## REQUIRED ACTION
Going line by line through the records below, count those containing the word "background", then give only the count.

[Short descriptive text snippets]
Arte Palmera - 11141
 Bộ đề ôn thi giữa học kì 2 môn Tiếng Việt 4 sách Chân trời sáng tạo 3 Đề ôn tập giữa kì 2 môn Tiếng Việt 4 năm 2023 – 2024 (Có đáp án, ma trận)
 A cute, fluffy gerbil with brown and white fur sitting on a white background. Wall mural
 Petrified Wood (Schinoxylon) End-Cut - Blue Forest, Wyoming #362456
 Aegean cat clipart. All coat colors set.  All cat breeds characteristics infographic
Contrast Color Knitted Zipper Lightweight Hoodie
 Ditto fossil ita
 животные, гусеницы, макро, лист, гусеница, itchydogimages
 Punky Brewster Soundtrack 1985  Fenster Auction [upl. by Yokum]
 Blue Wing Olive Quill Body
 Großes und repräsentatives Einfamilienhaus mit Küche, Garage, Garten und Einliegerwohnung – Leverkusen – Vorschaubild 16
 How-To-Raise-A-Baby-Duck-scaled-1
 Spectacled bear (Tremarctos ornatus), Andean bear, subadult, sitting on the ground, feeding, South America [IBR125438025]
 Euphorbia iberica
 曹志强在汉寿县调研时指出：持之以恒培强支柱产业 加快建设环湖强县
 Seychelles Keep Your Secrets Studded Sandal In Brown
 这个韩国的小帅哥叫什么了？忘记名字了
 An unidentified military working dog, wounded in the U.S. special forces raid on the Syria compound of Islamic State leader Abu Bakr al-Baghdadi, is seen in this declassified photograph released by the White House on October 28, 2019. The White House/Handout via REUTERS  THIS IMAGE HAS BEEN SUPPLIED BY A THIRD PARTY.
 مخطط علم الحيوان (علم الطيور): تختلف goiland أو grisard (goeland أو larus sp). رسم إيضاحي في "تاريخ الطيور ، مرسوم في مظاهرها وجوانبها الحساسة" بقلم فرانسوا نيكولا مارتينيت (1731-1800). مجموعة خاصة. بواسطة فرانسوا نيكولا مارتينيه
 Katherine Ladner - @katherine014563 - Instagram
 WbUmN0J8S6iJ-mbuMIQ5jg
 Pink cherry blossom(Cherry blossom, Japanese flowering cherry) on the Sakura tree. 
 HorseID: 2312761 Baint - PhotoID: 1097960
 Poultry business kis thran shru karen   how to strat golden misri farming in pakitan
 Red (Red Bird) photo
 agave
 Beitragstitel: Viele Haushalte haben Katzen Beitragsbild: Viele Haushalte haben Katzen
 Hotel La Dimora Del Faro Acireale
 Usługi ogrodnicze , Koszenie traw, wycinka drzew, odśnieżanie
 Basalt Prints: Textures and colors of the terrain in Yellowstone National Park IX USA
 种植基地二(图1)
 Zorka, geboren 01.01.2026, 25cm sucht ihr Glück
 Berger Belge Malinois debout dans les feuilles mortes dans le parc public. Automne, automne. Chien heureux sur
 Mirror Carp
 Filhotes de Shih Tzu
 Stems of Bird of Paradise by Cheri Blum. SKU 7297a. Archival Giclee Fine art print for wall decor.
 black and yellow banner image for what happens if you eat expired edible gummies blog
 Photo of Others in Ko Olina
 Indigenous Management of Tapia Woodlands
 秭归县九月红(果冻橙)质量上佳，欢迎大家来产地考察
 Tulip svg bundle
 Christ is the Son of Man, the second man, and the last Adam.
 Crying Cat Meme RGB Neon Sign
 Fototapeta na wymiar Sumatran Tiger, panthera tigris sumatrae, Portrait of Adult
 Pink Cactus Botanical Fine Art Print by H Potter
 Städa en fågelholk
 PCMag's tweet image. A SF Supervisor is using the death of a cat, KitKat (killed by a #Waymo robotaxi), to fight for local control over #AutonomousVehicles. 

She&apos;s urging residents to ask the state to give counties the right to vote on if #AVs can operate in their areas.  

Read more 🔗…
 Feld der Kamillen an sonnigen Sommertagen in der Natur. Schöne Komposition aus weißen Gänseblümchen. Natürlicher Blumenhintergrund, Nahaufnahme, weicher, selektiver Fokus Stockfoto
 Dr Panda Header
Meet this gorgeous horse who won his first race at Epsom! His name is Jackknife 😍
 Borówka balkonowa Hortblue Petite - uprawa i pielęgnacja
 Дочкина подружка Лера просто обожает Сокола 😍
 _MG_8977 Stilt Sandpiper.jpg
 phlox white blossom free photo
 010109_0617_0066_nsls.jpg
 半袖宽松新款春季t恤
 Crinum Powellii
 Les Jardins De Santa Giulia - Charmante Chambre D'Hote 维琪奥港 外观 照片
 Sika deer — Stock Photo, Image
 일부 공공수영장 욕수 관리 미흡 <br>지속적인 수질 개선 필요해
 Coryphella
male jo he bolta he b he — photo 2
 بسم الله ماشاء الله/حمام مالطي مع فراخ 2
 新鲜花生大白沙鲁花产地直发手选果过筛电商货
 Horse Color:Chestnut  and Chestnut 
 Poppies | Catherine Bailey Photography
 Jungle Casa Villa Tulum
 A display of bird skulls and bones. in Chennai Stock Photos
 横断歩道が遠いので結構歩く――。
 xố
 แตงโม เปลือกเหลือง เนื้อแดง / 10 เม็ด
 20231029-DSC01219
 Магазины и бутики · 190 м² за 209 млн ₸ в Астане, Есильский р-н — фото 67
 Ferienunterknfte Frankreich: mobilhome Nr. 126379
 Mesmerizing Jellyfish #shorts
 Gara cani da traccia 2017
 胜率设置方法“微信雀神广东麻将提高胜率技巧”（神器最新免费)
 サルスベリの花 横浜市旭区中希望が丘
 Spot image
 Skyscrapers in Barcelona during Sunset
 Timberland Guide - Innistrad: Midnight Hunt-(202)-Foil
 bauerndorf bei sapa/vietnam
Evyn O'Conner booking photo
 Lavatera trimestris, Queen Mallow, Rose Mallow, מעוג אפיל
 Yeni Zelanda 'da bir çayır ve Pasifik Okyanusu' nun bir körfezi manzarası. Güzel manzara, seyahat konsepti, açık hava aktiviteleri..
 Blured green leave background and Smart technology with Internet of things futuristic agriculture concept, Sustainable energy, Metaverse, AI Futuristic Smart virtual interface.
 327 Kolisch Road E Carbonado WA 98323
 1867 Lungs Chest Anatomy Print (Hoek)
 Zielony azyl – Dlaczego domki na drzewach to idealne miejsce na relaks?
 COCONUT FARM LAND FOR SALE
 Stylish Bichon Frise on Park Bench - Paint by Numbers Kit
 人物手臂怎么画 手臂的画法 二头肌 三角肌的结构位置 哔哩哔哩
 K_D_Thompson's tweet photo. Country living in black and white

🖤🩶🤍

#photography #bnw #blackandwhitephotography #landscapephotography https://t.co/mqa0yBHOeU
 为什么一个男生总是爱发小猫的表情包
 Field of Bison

## EXERCISE RESPONSE
2